Close listening to Brathwaite should also prompt us to consider the incompleteness and contingencies of the archival record of sound recording. What is currently available online, for instance, is only a fraction of the extant audio record associated with Brathwaite. Moreover, many predigital recordings, such as the 1965 tape-recording of Rights of Passage that Brathwaite’s cites as the poem’s first form of publication, have likely been lost forever.17 Brathwaite’s archive in Jamaica, destroyed by Hurricane Gilbert in 1988, reportedly contained many unique audio recordings. Close listening to Brathwaite enables a larger reflection on the nature of digital audio archives: what they can tell us and what they leave unsaid.
Grasping versioning through close listening also provides a way into Brathwaite’s use of oral and musical traditions. Brathwaite’s use of music has been extensively documented and analyzed by Rohlehr, Collins, Lilieth Nelson, Donette Francis, and others. One way to develop a sense of close listening attuned to musicality is for students to listen to the sources Rohlehr identifies alongside the poems.18 The effectiveness of this approach is, however, greatly enhanced by listening to Brathwaite’s texts in recorded performances. These performances often verge on song, underscoring the connections Rohlehr identifies and adding a layer that is not present in the written text. Examples of the shift to song are plentiful in Brathwaite performance and include:19
"Negus" (extract)
"The Twist"
"Atumpan"
"Caliban" (extract)
"Soweto" (extract)
Also present are instances of drum-like repetition, as in:20
"Nights" (extract)
"Shepherd" (extract)
"Wings of a Dove" (extract)
"Angel/Engine" (extract)
Through close listening to such recordings, students interrogate the intertwining of Brathwaite’s work with oral and musical traditions that themselves produce many versions, as in multiple performances or recordings of the same song.

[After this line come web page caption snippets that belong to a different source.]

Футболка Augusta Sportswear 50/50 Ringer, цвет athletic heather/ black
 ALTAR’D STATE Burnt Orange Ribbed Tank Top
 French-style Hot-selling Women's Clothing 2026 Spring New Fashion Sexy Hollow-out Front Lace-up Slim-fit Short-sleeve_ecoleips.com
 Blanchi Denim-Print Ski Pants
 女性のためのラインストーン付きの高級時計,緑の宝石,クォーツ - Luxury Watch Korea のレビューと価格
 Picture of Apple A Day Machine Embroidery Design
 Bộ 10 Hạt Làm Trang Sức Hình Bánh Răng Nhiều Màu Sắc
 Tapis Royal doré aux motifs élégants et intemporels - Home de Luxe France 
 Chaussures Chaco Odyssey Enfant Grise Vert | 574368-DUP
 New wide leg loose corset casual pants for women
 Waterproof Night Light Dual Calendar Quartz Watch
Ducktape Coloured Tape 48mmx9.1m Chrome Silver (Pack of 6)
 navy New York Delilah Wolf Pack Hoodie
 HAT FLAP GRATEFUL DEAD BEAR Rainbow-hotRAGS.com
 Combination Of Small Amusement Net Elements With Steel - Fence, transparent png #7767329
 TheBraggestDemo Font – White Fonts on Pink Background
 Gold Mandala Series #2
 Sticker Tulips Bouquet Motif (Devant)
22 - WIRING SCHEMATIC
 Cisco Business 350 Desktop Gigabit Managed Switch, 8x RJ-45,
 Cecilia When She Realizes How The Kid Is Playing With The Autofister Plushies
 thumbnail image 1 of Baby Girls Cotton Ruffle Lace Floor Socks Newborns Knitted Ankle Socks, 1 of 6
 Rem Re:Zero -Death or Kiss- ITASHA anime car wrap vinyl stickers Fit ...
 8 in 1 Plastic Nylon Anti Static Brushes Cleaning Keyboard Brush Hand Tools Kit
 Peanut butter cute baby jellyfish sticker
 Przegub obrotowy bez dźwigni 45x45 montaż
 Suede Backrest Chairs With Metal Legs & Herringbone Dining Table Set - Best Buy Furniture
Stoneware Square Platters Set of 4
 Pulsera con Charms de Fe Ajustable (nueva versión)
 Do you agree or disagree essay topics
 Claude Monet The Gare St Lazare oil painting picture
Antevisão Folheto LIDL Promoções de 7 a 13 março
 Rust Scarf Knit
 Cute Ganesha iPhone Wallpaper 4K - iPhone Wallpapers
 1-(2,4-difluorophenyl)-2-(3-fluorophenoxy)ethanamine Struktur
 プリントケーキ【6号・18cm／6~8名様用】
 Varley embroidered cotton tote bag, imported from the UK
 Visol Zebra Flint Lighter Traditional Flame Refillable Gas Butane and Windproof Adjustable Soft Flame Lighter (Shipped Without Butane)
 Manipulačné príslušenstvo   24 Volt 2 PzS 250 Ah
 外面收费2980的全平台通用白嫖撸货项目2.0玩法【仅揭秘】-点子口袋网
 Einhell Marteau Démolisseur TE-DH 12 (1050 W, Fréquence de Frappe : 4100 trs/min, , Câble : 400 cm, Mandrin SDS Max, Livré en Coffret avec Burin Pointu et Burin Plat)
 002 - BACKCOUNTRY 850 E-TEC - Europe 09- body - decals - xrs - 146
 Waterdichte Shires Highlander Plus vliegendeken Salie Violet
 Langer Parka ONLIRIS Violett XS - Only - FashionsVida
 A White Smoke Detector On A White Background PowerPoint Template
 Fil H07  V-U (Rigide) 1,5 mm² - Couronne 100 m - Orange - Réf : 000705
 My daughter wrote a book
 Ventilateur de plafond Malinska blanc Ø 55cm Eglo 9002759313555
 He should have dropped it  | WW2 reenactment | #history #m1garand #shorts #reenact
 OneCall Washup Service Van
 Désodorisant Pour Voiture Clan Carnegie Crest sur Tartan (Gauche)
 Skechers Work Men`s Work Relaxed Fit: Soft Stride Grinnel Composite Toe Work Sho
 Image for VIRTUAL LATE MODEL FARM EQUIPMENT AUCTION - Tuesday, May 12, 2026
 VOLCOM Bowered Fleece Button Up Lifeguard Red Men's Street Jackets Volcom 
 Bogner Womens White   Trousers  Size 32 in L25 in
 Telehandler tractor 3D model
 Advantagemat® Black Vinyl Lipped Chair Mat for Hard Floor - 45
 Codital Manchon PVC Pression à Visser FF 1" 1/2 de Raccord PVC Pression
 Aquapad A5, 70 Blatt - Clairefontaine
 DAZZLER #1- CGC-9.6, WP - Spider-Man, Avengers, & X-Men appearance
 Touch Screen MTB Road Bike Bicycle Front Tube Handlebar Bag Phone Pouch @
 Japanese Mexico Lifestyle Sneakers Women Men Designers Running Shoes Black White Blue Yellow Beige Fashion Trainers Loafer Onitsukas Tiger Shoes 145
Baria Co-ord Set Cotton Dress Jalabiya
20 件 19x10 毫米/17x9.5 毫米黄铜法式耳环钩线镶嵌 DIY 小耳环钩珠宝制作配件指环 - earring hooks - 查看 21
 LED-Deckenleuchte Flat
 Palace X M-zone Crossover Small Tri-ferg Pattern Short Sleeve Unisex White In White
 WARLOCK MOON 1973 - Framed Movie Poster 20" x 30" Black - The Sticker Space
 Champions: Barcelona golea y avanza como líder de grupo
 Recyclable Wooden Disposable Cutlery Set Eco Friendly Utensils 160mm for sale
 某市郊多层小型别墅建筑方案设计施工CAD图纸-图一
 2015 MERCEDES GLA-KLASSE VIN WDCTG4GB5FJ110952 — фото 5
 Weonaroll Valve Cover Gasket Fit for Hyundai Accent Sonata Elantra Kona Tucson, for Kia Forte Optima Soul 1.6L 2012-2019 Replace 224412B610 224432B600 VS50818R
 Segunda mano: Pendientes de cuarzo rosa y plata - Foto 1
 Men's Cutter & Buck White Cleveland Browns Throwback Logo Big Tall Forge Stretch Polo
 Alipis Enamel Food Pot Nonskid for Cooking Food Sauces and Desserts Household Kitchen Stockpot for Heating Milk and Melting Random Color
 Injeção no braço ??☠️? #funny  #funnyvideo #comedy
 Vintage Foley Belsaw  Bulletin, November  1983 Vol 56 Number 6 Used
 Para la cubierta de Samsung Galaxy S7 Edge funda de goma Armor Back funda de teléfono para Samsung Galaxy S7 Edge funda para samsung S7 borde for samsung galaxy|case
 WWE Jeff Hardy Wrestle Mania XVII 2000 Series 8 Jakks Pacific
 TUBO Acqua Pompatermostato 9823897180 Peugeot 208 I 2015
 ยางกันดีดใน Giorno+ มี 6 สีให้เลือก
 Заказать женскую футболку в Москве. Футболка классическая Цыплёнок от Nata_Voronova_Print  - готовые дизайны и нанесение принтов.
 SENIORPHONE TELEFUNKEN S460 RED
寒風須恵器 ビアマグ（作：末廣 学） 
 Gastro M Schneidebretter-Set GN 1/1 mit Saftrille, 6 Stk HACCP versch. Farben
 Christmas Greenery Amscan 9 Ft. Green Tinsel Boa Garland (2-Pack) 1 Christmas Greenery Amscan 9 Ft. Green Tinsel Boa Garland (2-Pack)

A close listening approach does not imply that the written text is unimportant but allows students to recognize that each audio text constitutes a version as significant as any written version. The notion of versioning in Brathwaite’s work (related to the broader notion of “othering” that Nathaniel Mackey applies to Brathwaite’s poetry) is often addressed in criticism and teaching through Brathwaite’s reworking of earlier poems and cycles in books such as his 1992 Middle Passages and 2001 Ancestors and through his Sycorax video-style: the graphic textual versioning practice that he developed on his Apple Mac computer in the 1980s.21 Yet many of Brathwaite’s versions, such as, for example, the 1994 Barabajan Poems: 1492–1992, started life in a recorded oral performance, and, consequently, his poetics of versioning is equally approachable through close listening to recorded audio texts.22
Through close listening, students encounter rich examples of Brathwaite’s versioning and rearrangement of poems. “The Rwanda Poems,” for instance, exists, in a published version under that name, only as an audio recording of a 1994 performance, although the closely related cycle “Rwanda” appears in print as part 3 of “New Gods of the Middle Passages” in Brathwaite’s 2001 Kamau Monograph.23 In the “New Gods” version, however, not all of “The Rwanda Poems” falls into the “Rwanda” section, and the poems are reordered and arranged alongside additional poems and other print material. The performed cycle “The Rwanda Poems” is itself an amalgam of poems from The Arrivants, including “Negus” and part of “Caliban,” and newer work, again reflecting Brathwaite’s practice of refashioning his existing material. In the recording of “The Rwanda Poems,” Brathwaite explains how his versioning practice includes both his Sycorax video-style and his performances. He describes how the poems “are layered or interfaced with some earlier material . . . to create another effect from that earlier material.”24
Extract from the introduction to "The Rwanda Poems"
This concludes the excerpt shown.